I have to come in here because some of this isn't correct:
It defeats the purpose of std::vector. Why? Internally, a std::vector allocates a large block of memory. It uses the memory to store any objects that get pushed into the vector. By allocating a new object with each push, you're effectively doubling the memory used by the vector (if the vector is full). std::vector will not automatically de-allocate the memory, so your program will leak. |
This isn't the case. True, vectors allocate memory for each element it contains, but it only allocates memory for the size of it's type. Pointers, no matter what they point to always have the same size, it doesn't matter if it is a pointer to an
int
or a pointer to
MyBigComplexClass
. In either case the vector allocates memory for the size of a pointer and that's it. When the vector goes out of scope it deallocates the memory that it allocated, in this case pointers, which is why you have to free the memory the pointers are referencing yourself before you clear/vector goes out of scope, otherwise you have a leak.

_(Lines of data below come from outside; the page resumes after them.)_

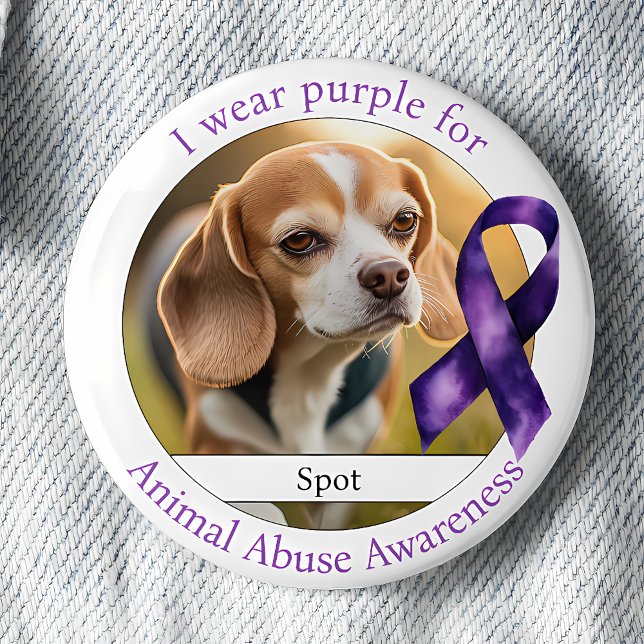 Chapa Redonda De 5 Cm Wear Purple for Animal Abuse Awareness Photo (Subido por el creador)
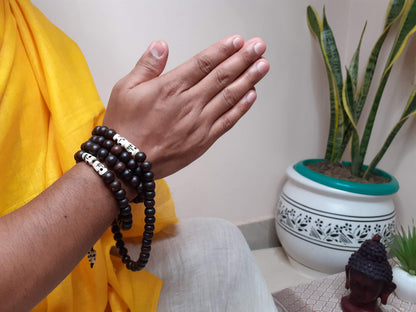 Red Rosewood Mala, Bones Beads, Hand Knotted Necklace,Buddhist Bracelet,Tibetan Prayer Beads,Meditation Tool,Mantra Chanting Hindu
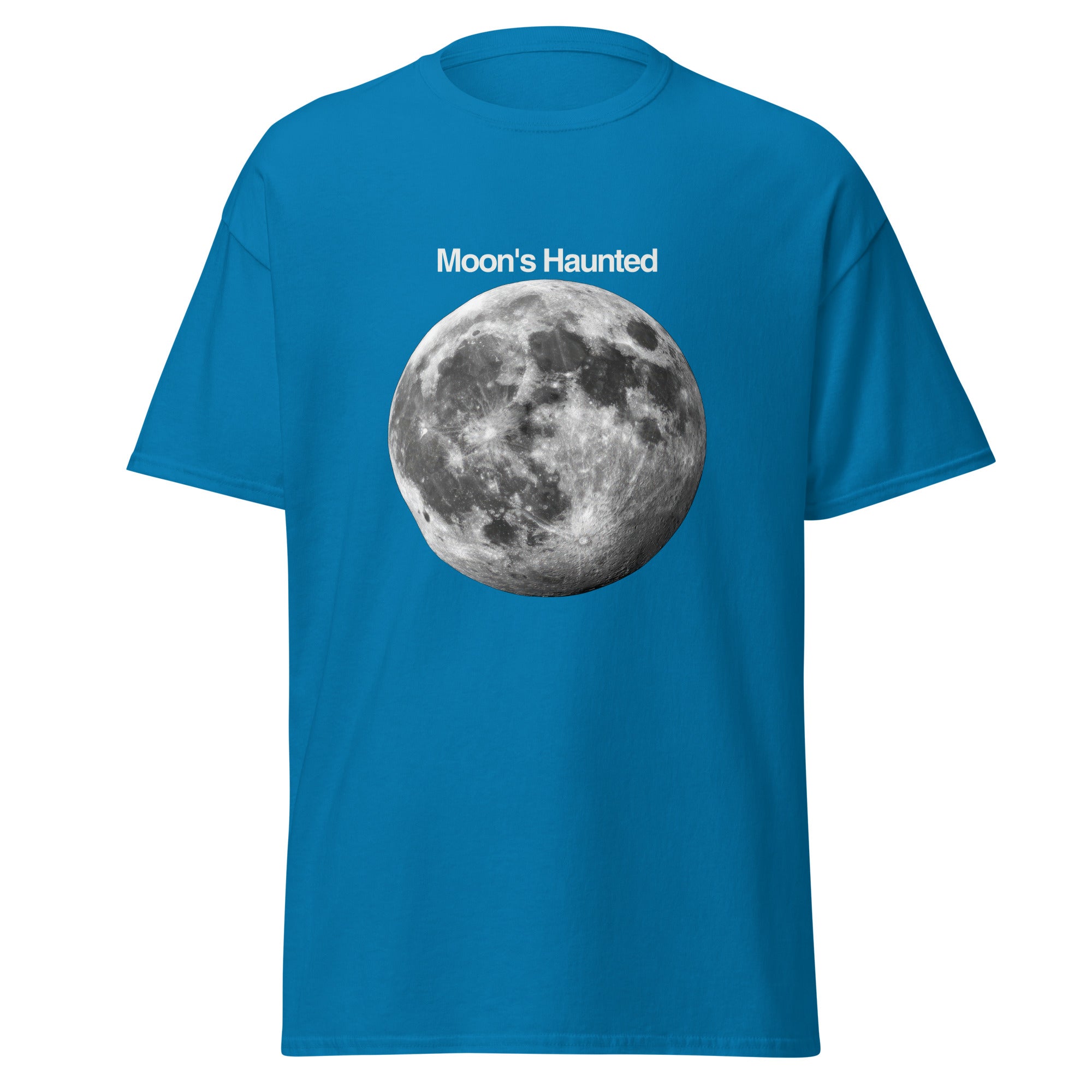 Moon's Haunted funny meme classic tee in sapphire, front view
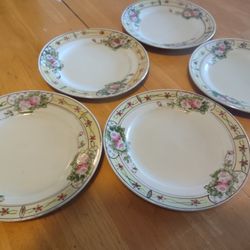 5 Pc Nippon Hand Painted Plate Sets Rear Find Vintage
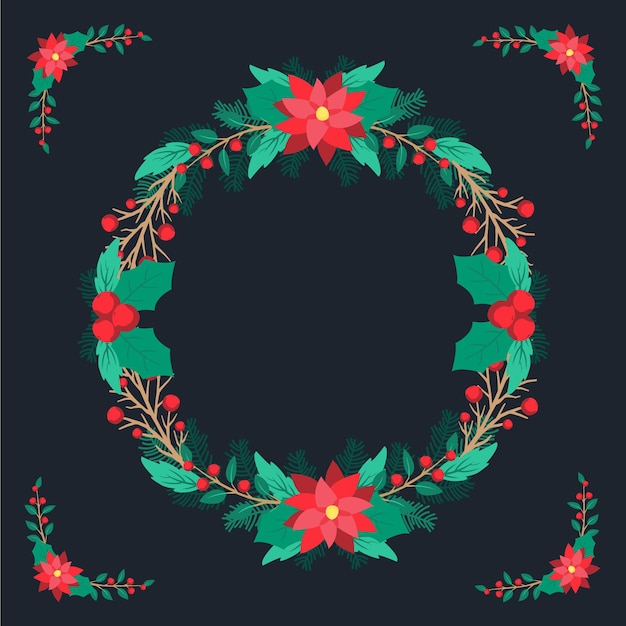 Hand drawn christmas wreath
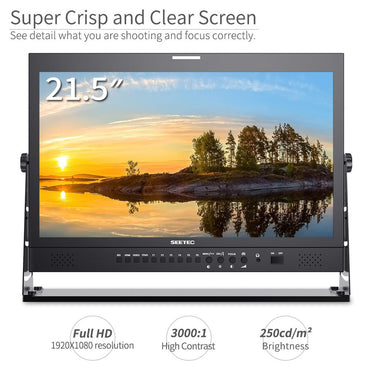 SEETEC P215-9HSD-192 21,5 Zoll LCD-Monitor für Broadcast-Produktionen, 3G SDI, 4K HDMI Ein- und Ausgang, IPS Full HD 1920x1080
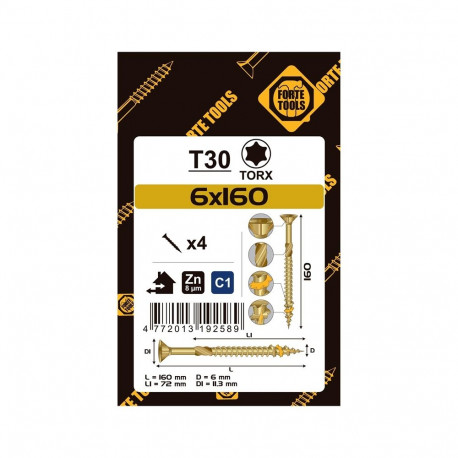 CHIPBOARD SCR T30 6.0X160/72 kollane ZN4PCS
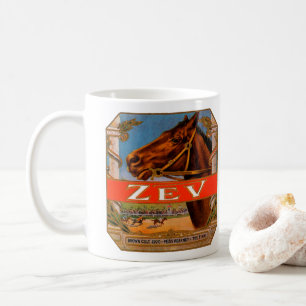 Antikes Zigarrenetikett, Zev Rennpferde Brauner He Kaffeetasse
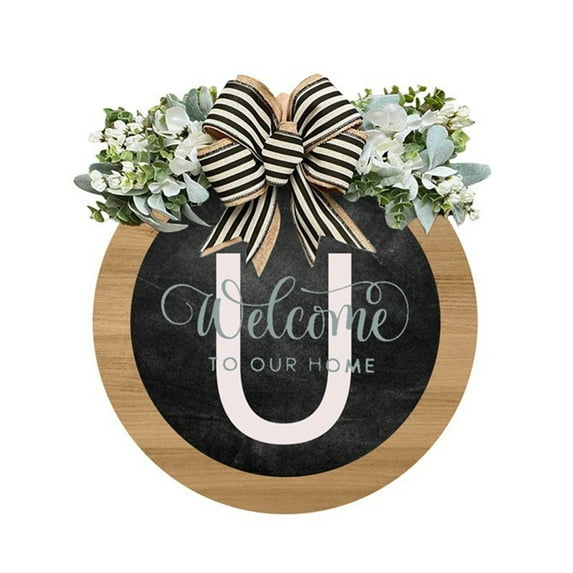 Xinwanna Front Door Wreath A-Z 26 Letters Round Sign with Bow Fake Flower Decoration Rural Style Last Name Letter Wood Hanging Sign Farmhouse Decor (Type U)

You are not doubling your memory if you are new-ing some big object first, then adding that address to a vector that points to that type, you are only allocating memory for the size of a pointer (as far as the vector is concerned).
For Majin -
arent these pointers the same? So basically when i would now call clear() on the vector with pointers to a few elements - wouldnt that also automatically invalidate pointers in the global vector which contains pointers to all elements? |
No, you are safe doing this. Your "other" vector allocates it's own memory for the pointers, but what they actually refer to are unchanged, when your vector is cleared or goes out of scope, nothing happens to what they were referring to.
Now if you were to delete the memory that was referred to them, through some other vector or your "main" vector, the pointers themselves would be dangling.